» PROBLEM DETAILS
Drop the pictures from the entries below, then reproduce the rest exactly.

- - - -

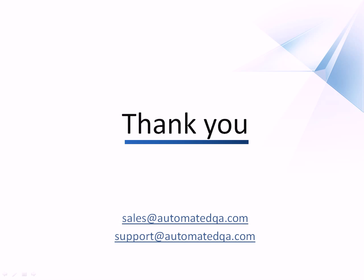This concludes our video on parameterizing keyword tests. If you have any questions, please don't hesitate to contact us at sales at automatedqa.com or support at automatedqa.com. We wish you luck and hope you enjoy automating your tests with TestComplete.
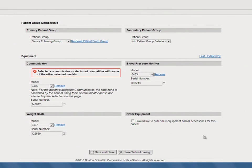Simply check the box next to "I would like to order new equipment and/or accessories for this patient" and click Save and Close. This will take you to the e-ordering page where you can place the new communicator order. The new communicator model and serial numbers will auto-populate in Latitude Next for this patient when the communicator has been shipped.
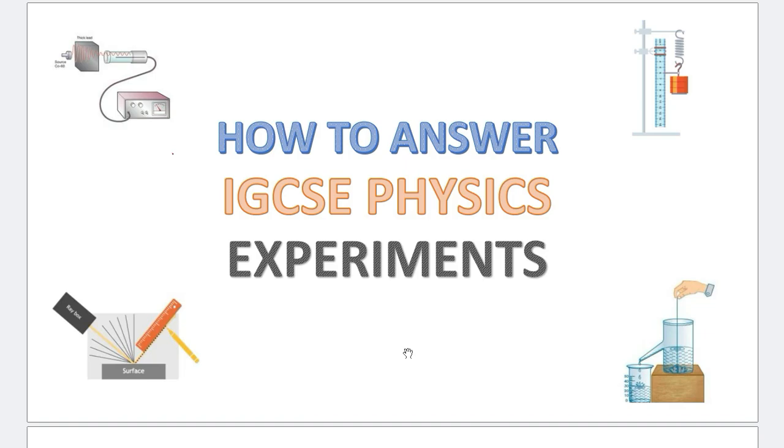Hello everyone. Today we'll be discussing a very interesting topic about how to answer IGCSE physics experiments. This is a topic that I see a lot of students struggle with all around the world.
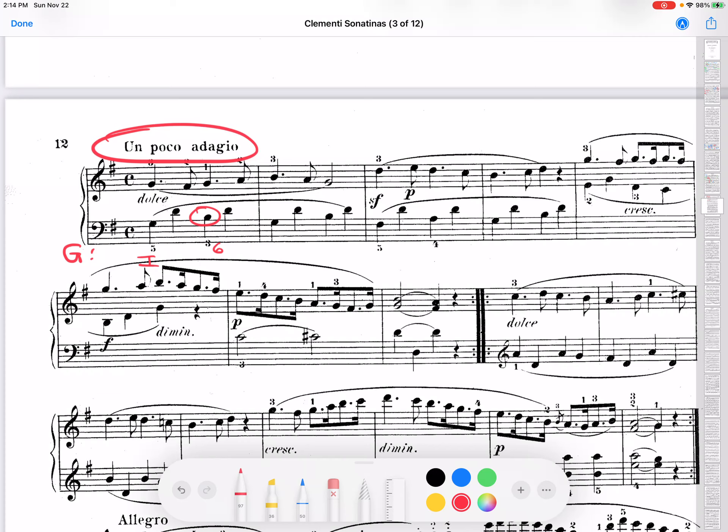But because it's so slow and beats 1 and 3 in 4-4 are accented, maybe it might be useful to analyze this. So, we might go 1, 2, 3, 4. And if we do that, take a look at the next measure.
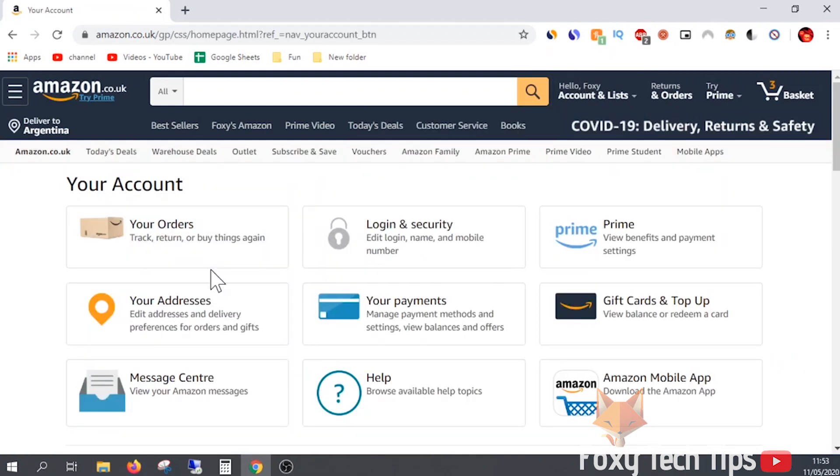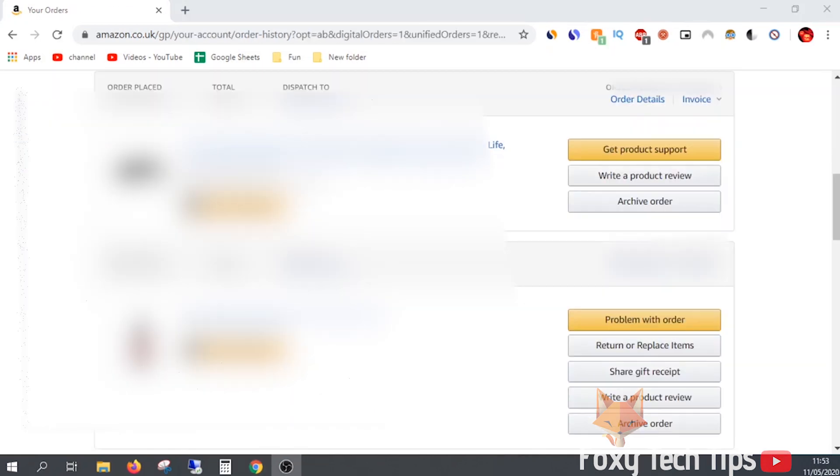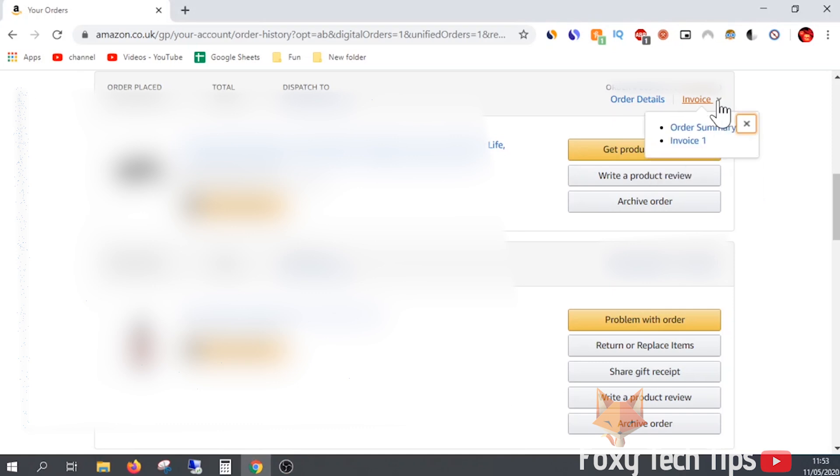From your account page, click on your orders. Beside each order at the top right, there is a dropdown button called invoice. Click that to be given links to various receipts and invoices related to that order.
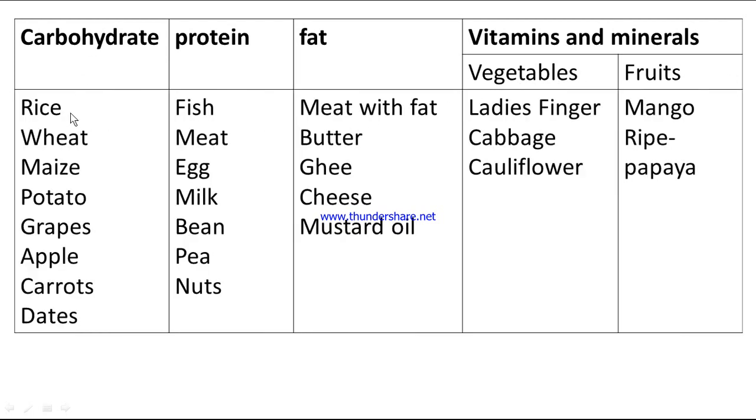Carbohydrate foods include: rice, wheat, maize, potato, grapes, apple, carrots, and dates.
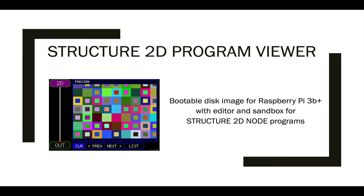Hello everyone, this is James with Erogenous Tones, and in this video, I'm going to give you some information on how to download and use a 2DPY program editor for use with your Structure 2D nodes.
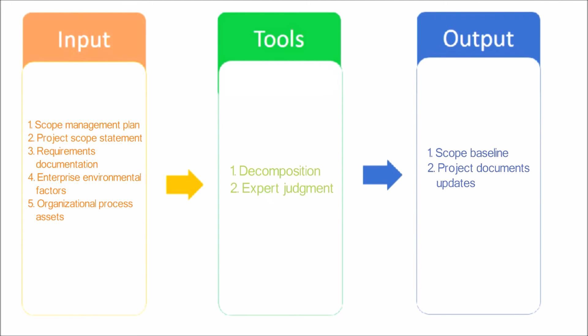It is a component of the project management plan. Project Documents Updates: Project Documents that may be updated include, but are not limited to, Requirements Documentation, which may need to be updated to include approved changes.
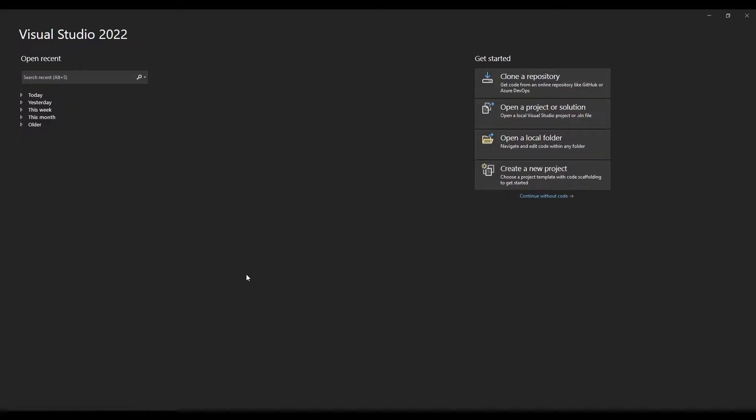Hello guys, welcome to my channel. In this video I am going to show you a demo about creating foreground service in Xamarin Android.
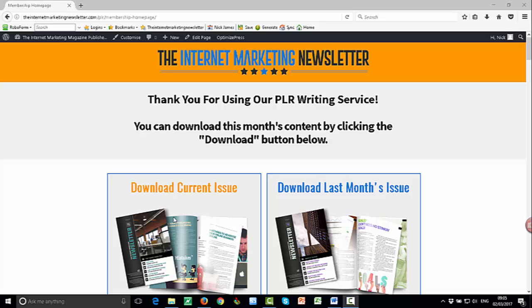Hi guys, it's Nick and welcome to this video. In this video we're going to show you how to manipulate and edit the professionally designed Word document version of the internet marketing newsletter PLR.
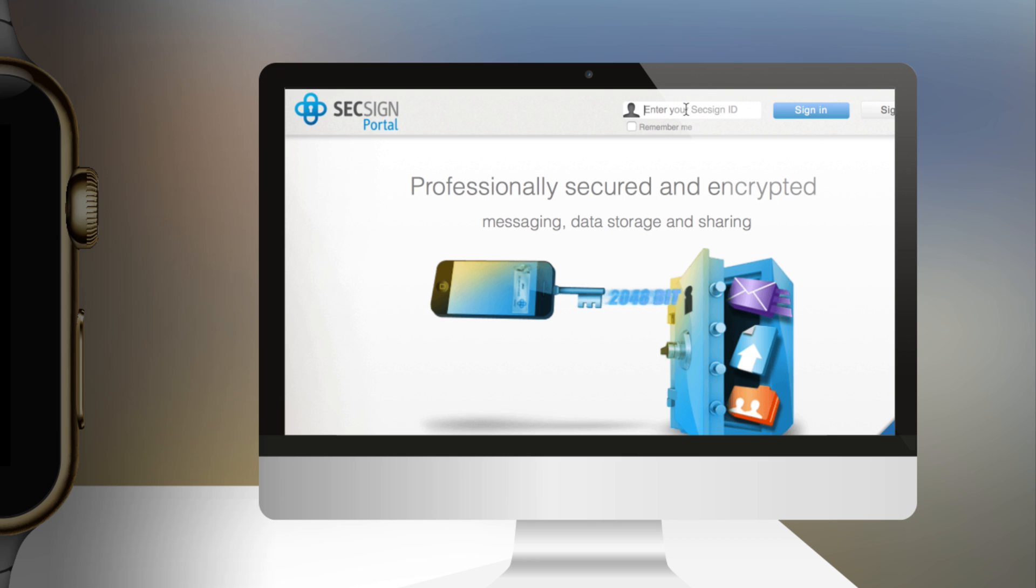To log into a service secured by SixSignID, you enter only a simple, non-confidential user ID into the login screen.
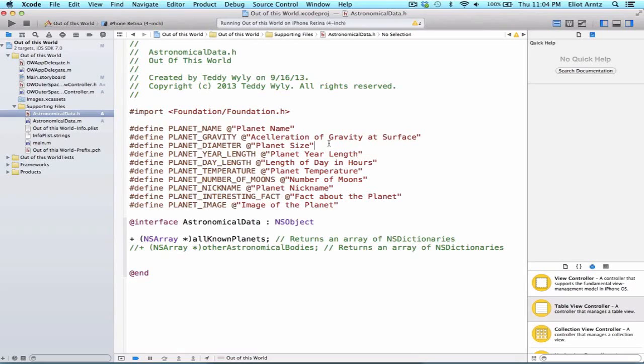What is define? Well, define is actually a preprocessor directive that switches all instances of the identifier with the following text.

- - - -

» EXERCISE OUTPUT
This concludes our video on parameterizing keyword tests. If you have any questions, please don't hesitate to contact us at sales at automatedqa.com or support at automatedqa.com. We wish you luck and hope you enjoy automating your tests with TestComplete.
Simply check the box next to "I would like to order new equipment and/or accessories for this patient" and click Save and Close. This will take you to the e-ordering page where you can place the new communicator order. The new communicator model and serial numbers will auto-populate in Latitude Next for this patient when the communicator has been shipped.
Hello everyone. Today we'll be discussing a very interesting topic about how to answer IGCSE physics experiments. This is a topic that I see a lot of students struggle with all around the world.
But because it's so slow and beats 1 and 3 in 4-4 are accented, maybe it might be useful to analyze this. So, we might go 1, 2, 3, 4. And if we do that, take a look at the next measure.
From your account page, click on your orders. Beside each order at the top right, there is a dropdown button called invoice. Click that to be given links to various receipts and invoices related to that order.
Carbohydrate foods include: rice, wheat, maize, potato, grapes, apple, carrots, and dates.
Hello everyone, this is James with Erogenous Tones, and in this video, I'm going to give you some information on how to download and use a 2DPY program editor for use with your Structure 2D nodes.
It is a component of the project management plan. Project Documents Updates: Project Documents that may be updated include, but are not limited to, Requirements Documentation, which may need to be updated to include approved changes.
Hello guys, welcome to my channel. In this video I am going to show you a demo about creating foreground service in Xamarin Android.
Hi guys, it's Nick and welcome to this video. In this video we're going to show you how to manipulate and edit the professionally designed Word document version of the internet marketing newsletter PLR.
To log into a service secured by SixSignID, you enter only a simple, non-confidential user ID into the login screen.
What is define? Well, define is actually a preprocessor directive that switches all instances of the identifier with the following text.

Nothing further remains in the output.